In her honor, the Berlin State Mint minted a commemorative medal in 2019 to mark the 70th anniversary of the invention of the Currywurst, on which she is depicted together with two currywursts.

On 30 June 2013, the centenary of Heuwer's birthday, was celebrated with a Google Doodle.

== Other claims to currywurst ==
Two authors, Tim Koch and Gregor Lauenburger, argued that currywursts had been sold by Dutch-born Peter Hildebrand since 1936 at Peter Pomm’s Pusztetten-Stube in Duisburg.
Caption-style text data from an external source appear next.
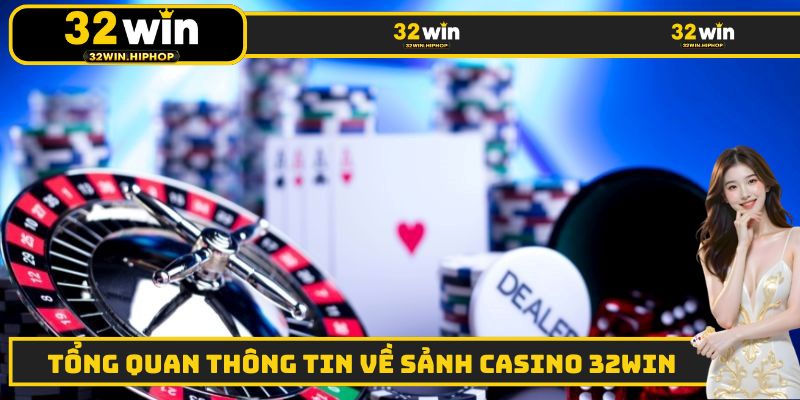 Những thông tin cơ bản cần nắm được về sân chơi Casino 32WIN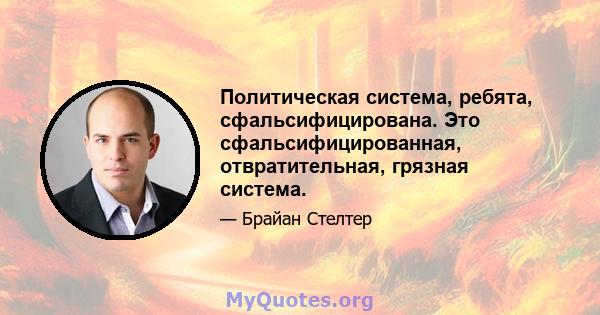 Политическая система, ребята, сфальсифицирована. Это сфальсифицированная, отвратительная, грязная система.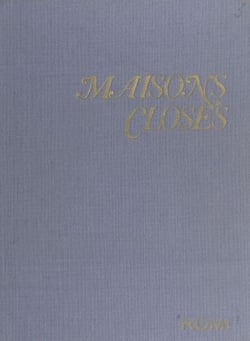 Maisons closes dans l'histoire, l'art, la littérature et les mœurs (1)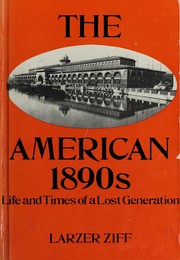 The American 1890s : life and time of a lost generation /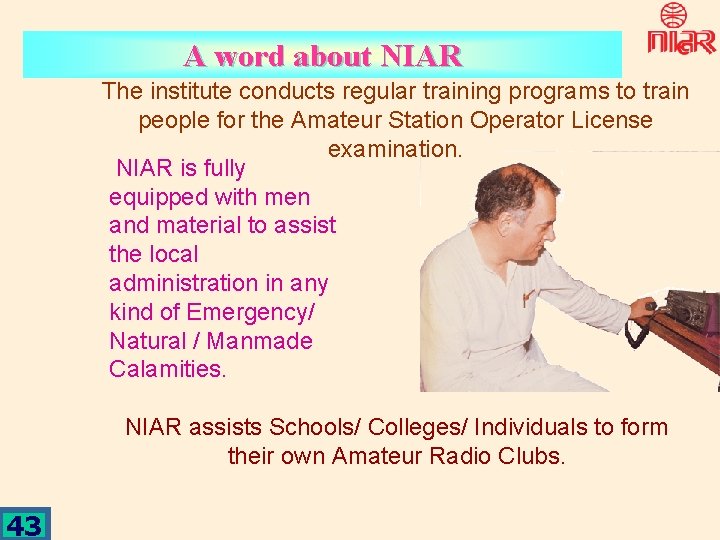 A word about NIAR The institute conducts regular training programs to train people for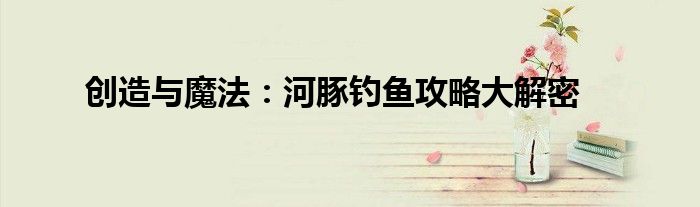 创造与魔法：河豚钓鱼攻略大解密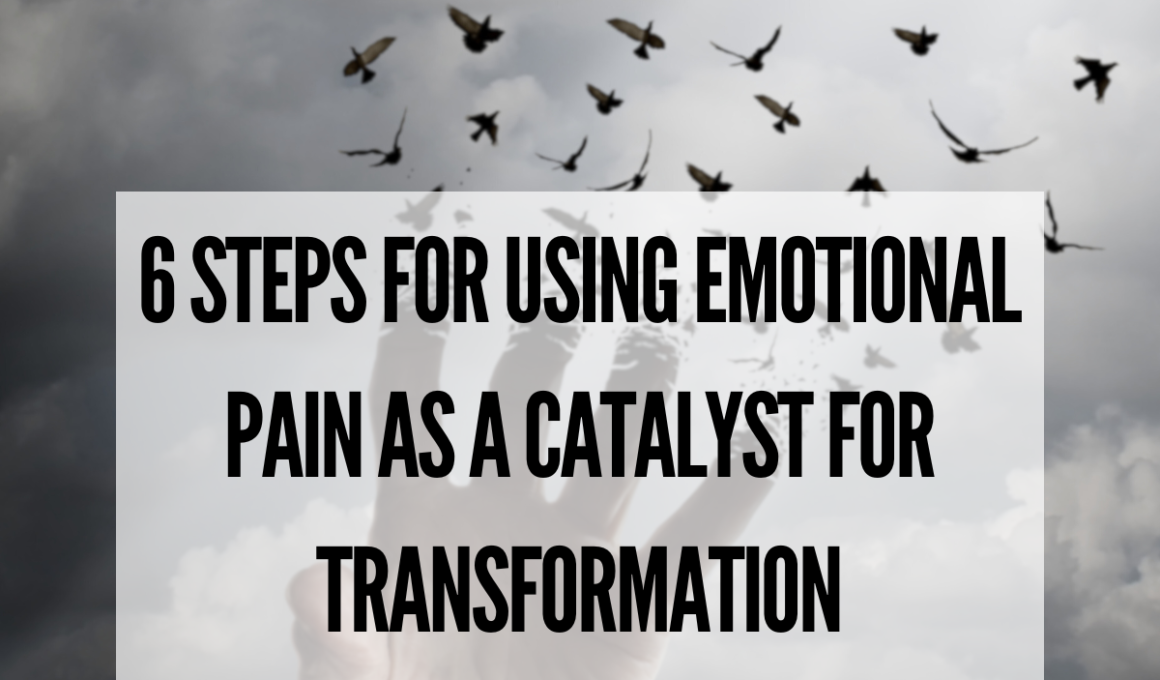 6 steps in using emotional pain as catalyst for transformation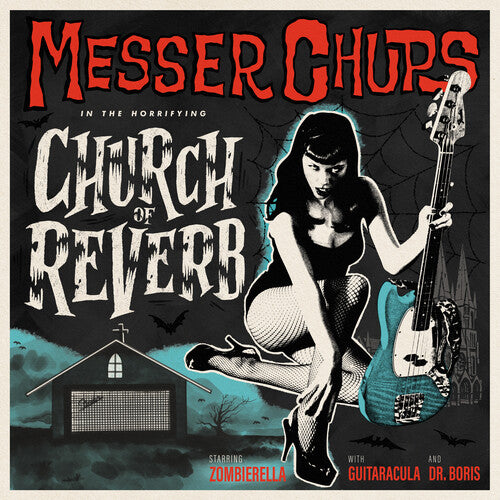 Messer Chups - Messer Chups "church Of Reverb"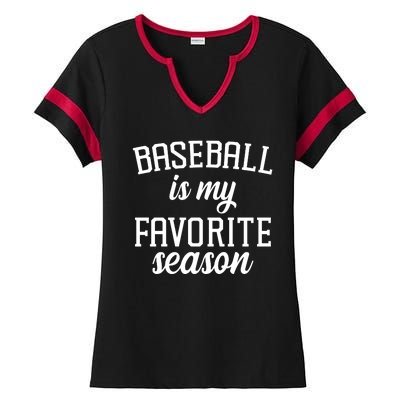 Baseball Is My Favorite Season Ladies Halftime Notch Neck Tee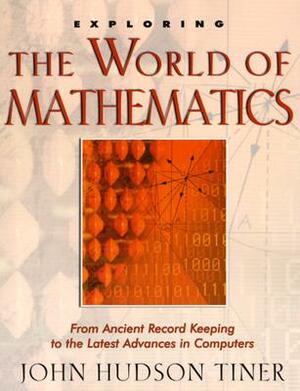 Exploring the World of Mathematics by John Hudson Tiner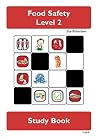 Food Safety Level 2 Study Book (Food Safety Level 2 Workbook) Food Safety Level 2 Study Book (Food Safety Level 2 Workbook)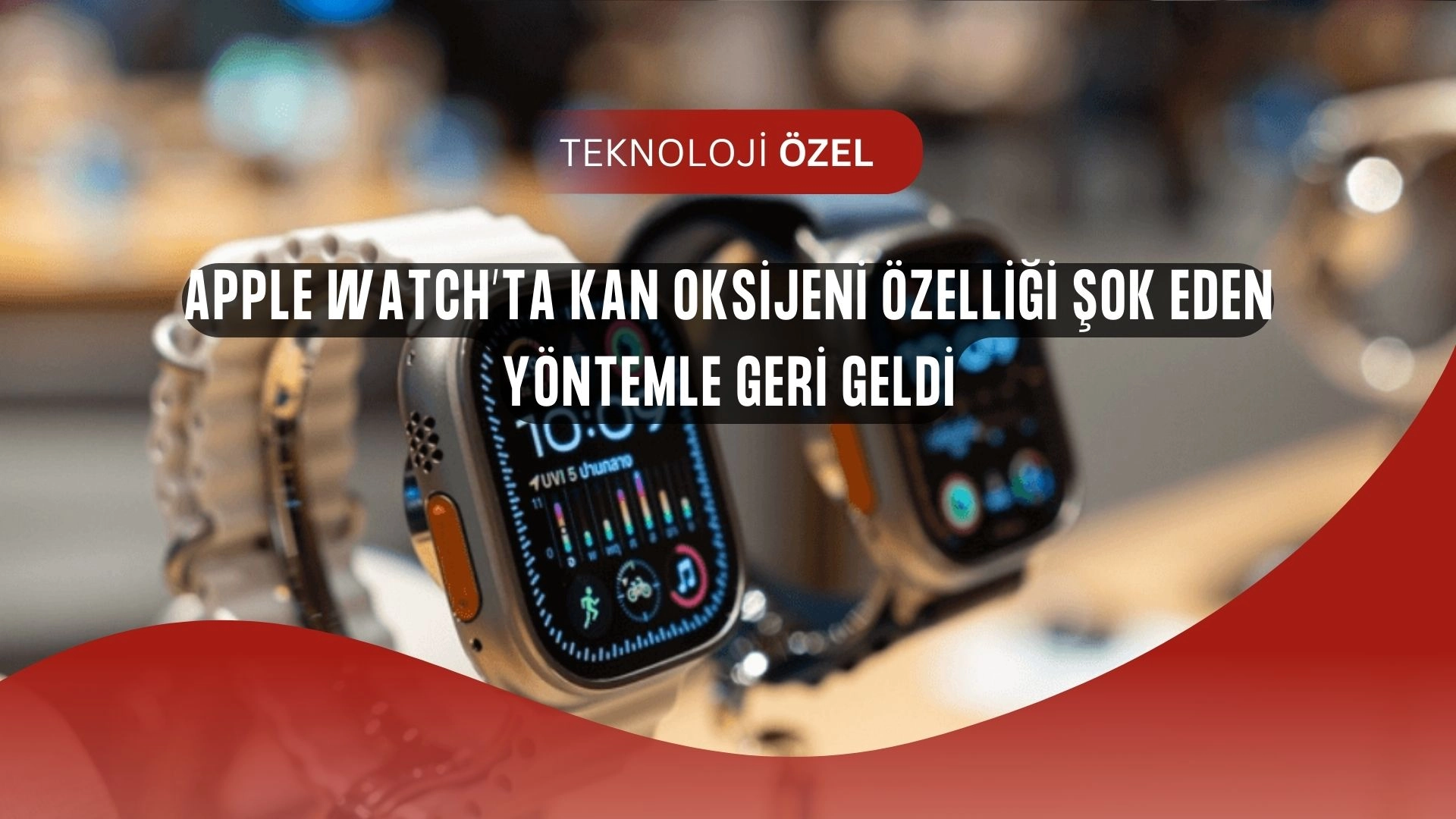 Apple’dan Şaşırtan Hamle: Kan Oksijen Ölçümü Geri Dönüyor, Ama Bakın!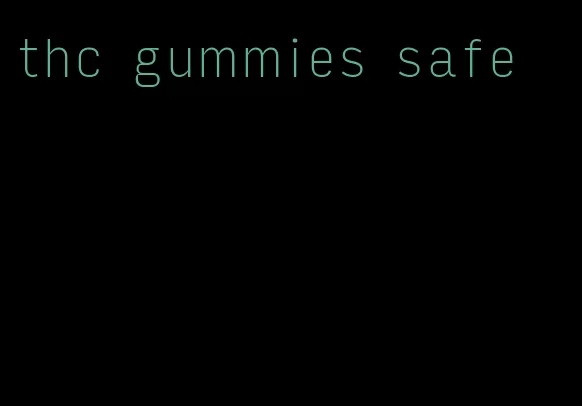 thc gummies safe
The curry powder was ordered from Hamburg, as "English recipe curry powder".

Other sources claim that currywurst was invented in Hamburg. Author Uwe Timm contends in his novel The Discovery of Currywurst that he had eaten currywurst in Hamburg as early as 1947, but the inventor of Currywurst in his novel, Lena Brücker, is an admitted literary license. However, that did not prevent the former Hamburg Senator of the Interior Ronald Schill from honoring Lena Brücker in 2003.

Food historians such as Petra Foede believe that, as with most culinary creation myths, several rather than a single person were involved in developing this dish, sausage sellers experimenting with various spice mixes in order to replace the tomato ketchup that was unavailable during the immediate postwar years.